The strategy worked, but the Bank of England now holds £738bn of government bonds. It wants to sell them back to the bond market through QT. The Treasury Select Committee is alarmed, describing the strategy as a “leap in the dark”. Between £50bn and £130bn could be lost as a result of the exercise “with potentially significant impacts for HM Treasury’s spending power for the next decade”, its report said.
Hunt clearly isn’t worried by this. Less money in the Treasury means less money for Labour to promise in its manifesto. The rest of us should care a lot about this: the money saved by abandoning QT could pay for Starmer’s original £28bn green pledge four times over.
The losses the select committee is troubled by reflect the difference between the price the Bank bought the bonds for and the price at which they now might be sold. Bond prices go down when interest rates go up and they also go down when the market is flooded with bonds for sale. But that is not the only cost of the Bank’s bond holdings. Each month the Treasury has to pay interest on the bonds to the Bank and when the bonds become due, the Treasury has to find the money to repay the full value of the principal to the Bank. The Bank doesn’t keep the money it receives from the Treasury in this way – it cancels it. We are quite literally paying taxes for nothing.
The total amount of income tax, national insurance contributions and capital gains tax revenue the Treasury received in the last tax year was £788.6bn. If the Bank chooses to hold its portfolio of government bonds to maturity, the taxpayer will have to hand over around £800bn in interest and principal payments to the Bank for destruction over the next decade or so. If the Bank sells its bond portfolio to private investors, the taxpayer remains liable for this amount plus capital losses of up to £130bn.
The opportunity for Labour is to find a better way of managing the Bank’s bond portfolio. This could not only help Starmer win the current “borrow to invest” debate that he seems to be losing; it could also be used to further destroy the Tories’ reputation for prudence.
The first step towards seizing this opportunity is to recognise that the £741bn of government debt currently held by the Bank isn’t real. It is the by-product of a piece of financial alchemy that has long since served its economic purpose. It can be made to disappear as easily as it was made to appear. It cannot be allowed to burden British taxpayers for decades to come.
Of course, Starmer and his shadow chancellor Rachel Reeves can’t say this in so many words. They have to use the language and rituals of financial alchemy.
The financial world likes to speak in opaque, bureaucratic prose. Talk about printing money scares it but an obscure acronym such as QE is calming.
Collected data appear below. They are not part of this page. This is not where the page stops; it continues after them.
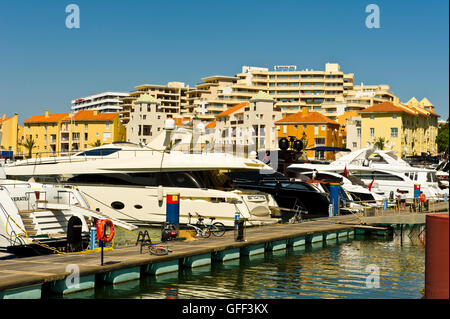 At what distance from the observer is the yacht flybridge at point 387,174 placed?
40.2 m

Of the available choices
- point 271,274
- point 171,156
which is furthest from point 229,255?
point 171,156

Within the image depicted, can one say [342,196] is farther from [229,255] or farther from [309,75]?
[309,75]

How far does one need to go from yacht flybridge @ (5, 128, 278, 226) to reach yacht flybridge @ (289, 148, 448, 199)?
13741mm

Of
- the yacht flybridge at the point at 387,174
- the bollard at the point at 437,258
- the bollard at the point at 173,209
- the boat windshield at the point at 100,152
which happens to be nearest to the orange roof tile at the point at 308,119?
the yacht flybridge at the point at 387,174

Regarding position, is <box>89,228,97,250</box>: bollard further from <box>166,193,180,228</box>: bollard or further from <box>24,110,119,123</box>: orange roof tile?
<box>24,110,119,123</box>: orange roof tile

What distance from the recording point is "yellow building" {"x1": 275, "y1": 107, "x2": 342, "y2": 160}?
315 feet

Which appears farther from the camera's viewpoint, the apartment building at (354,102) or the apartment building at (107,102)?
the apartment building at (107,102)

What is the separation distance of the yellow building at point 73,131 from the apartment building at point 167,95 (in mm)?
29683

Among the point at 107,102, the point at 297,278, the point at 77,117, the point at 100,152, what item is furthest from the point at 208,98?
the point at 297,278

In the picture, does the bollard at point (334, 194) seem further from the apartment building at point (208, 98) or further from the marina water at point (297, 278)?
the apartment building at point (208, 98)

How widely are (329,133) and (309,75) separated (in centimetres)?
3937

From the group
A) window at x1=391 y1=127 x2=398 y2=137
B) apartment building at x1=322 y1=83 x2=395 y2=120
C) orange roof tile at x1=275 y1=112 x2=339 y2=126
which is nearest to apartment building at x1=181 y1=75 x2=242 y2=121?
apartment building at x1=322 y1=83 x2=395 y2=120

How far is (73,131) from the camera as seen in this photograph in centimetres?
10856

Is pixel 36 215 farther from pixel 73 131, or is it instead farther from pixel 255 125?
pixel 73 131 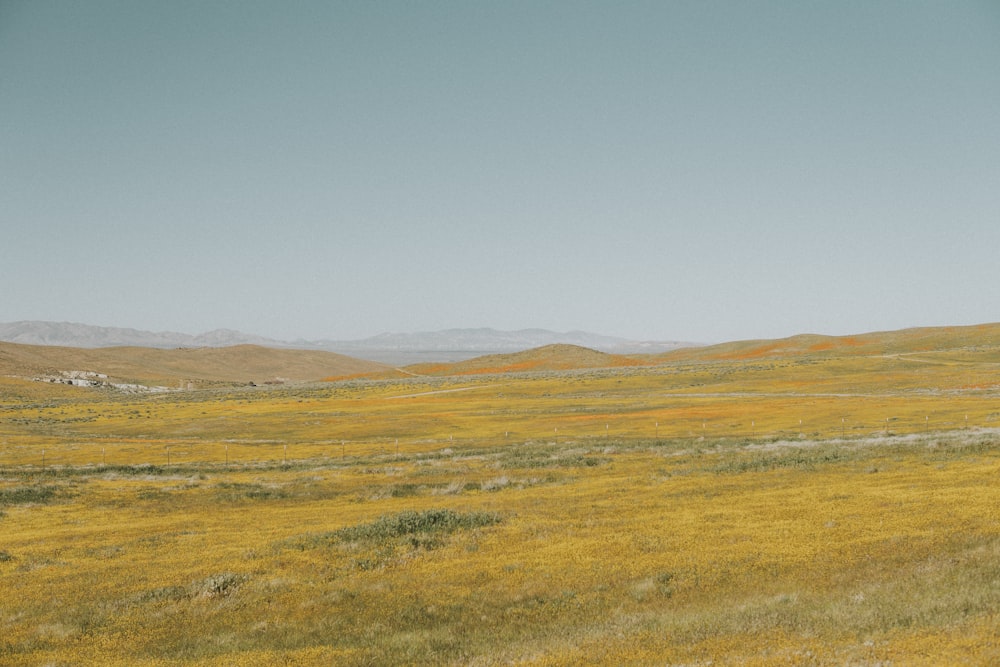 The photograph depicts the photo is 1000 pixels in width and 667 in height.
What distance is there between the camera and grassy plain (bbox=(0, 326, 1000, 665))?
513 inches

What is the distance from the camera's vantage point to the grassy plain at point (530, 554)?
13031mm

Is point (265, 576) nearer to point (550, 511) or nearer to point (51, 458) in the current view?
point (550, 511)

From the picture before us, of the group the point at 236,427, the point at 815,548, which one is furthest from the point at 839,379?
the point at 815,548

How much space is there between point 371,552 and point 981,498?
20065mm

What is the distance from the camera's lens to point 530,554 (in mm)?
20344

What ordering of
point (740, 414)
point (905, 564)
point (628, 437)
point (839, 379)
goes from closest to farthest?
point (905, 564)
point (628, 437)
point (740, 414)
point (839, 379)

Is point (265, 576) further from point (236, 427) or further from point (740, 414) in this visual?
point (236, 427)

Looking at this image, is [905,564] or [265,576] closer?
[905,564]

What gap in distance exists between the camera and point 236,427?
84.8 metres

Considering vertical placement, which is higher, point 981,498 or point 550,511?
point 981,498

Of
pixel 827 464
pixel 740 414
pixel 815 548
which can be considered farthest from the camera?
pixel 740 414

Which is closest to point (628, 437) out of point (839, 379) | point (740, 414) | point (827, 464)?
point (740, 414)

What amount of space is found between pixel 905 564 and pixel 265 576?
17164 mm

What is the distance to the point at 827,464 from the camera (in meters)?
34.7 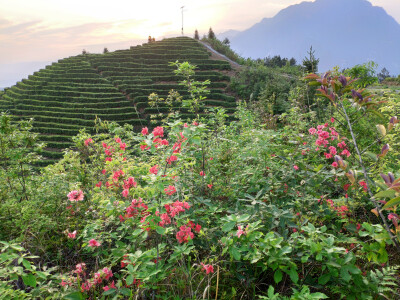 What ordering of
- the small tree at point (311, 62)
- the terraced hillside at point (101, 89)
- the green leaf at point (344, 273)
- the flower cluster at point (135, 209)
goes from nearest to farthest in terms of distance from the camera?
the green leaf at point (344, 273) < the flower cluster at point (135, 209) < the small tree at point (311, 62) < the terraced hillside at point (101, 89)

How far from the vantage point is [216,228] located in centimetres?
216

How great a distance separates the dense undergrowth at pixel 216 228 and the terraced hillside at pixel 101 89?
14521mm

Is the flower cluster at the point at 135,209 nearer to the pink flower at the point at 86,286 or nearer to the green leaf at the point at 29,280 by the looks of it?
the pink flower at the point at 86,286

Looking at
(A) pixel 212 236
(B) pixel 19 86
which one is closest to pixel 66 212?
(A) pixel 212 236

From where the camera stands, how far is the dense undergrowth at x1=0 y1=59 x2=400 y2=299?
1673 millimetres

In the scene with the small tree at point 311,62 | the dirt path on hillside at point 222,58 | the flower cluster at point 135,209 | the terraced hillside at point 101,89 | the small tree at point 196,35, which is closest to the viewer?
the flower cluster at point 135,209

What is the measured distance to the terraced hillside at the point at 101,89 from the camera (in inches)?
850

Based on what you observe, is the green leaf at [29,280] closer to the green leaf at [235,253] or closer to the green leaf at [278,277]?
the green leaf at [235,253]

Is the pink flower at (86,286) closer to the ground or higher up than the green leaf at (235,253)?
closer to the ground

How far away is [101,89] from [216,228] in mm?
27478

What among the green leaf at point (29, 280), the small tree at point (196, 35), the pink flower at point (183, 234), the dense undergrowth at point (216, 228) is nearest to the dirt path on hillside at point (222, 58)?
the small tree at point (196, 35)

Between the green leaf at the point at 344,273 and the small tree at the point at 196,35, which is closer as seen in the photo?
the green leaf at the point at 344,273

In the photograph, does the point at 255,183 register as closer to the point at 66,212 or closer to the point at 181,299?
the point at 181,299

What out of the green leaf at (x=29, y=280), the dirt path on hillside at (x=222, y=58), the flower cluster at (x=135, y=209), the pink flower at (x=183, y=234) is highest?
the dirt path on hillside at (x=222, y=58) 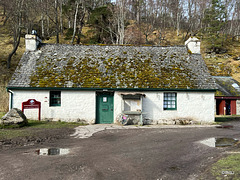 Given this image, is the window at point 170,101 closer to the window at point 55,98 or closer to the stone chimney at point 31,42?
the window at point 55,98

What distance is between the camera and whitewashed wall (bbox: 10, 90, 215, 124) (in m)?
14.8

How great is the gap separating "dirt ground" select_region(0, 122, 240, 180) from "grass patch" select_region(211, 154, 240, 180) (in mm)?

Similarly, we should not talk of making the debt disappear. We should talk about the Bank reducing its balance sheet by transferring the outstanding bonds into a special dividend to the Treasury for cancellation. We could call it something soothing such as “quantitative neutralisation” (QN). Cancelling it would have a neutral impact on the money supply. The money created under QE originally has long since been spent. It can’t come back to life and create more inflation.
The bond market should find QN reassuring compared to the alternative, which is for the Bank to flood the market with government bonds worth 28 per cent of UK GDP. There would still be a risk of higher inflation that Labour would need to manage through soothing language. It could talk about binding itself to a public spending framework that ensures any rise in prices is productivity-led. It could reassert its commitment to not borrowing for day-to-day spending and to reducing debt over the business cycle. It could also talk about the paramount importance of the Bank’s independence, just in case anyone fears that Labour would seek to take control of its printing presses.
Besides the language, the rituals of financial alchemy also have to be respected. The idea of quantitative neutralisation can’t be seen to come from Labour: that would make it immediately suspect. It has to be first proposed and discussed by the priesthood of economists and bankers. This will help QN seem stale rather than dangerous. Then, at some point, the arch-mage of financial alchemy must give his opinion: Gordon Brown must pronounce that QN was always the way he envisioned QE ending. Only then can Starmer use this magic to wrest the lead of the XL Bully from the Tories’ grasp.
And what a bite it will have. The Tories will look like dangerous chancers prepared to spend £130bn of taxpayers’ money to win an election, while Labour will look like the party that has opened the secret door to the future.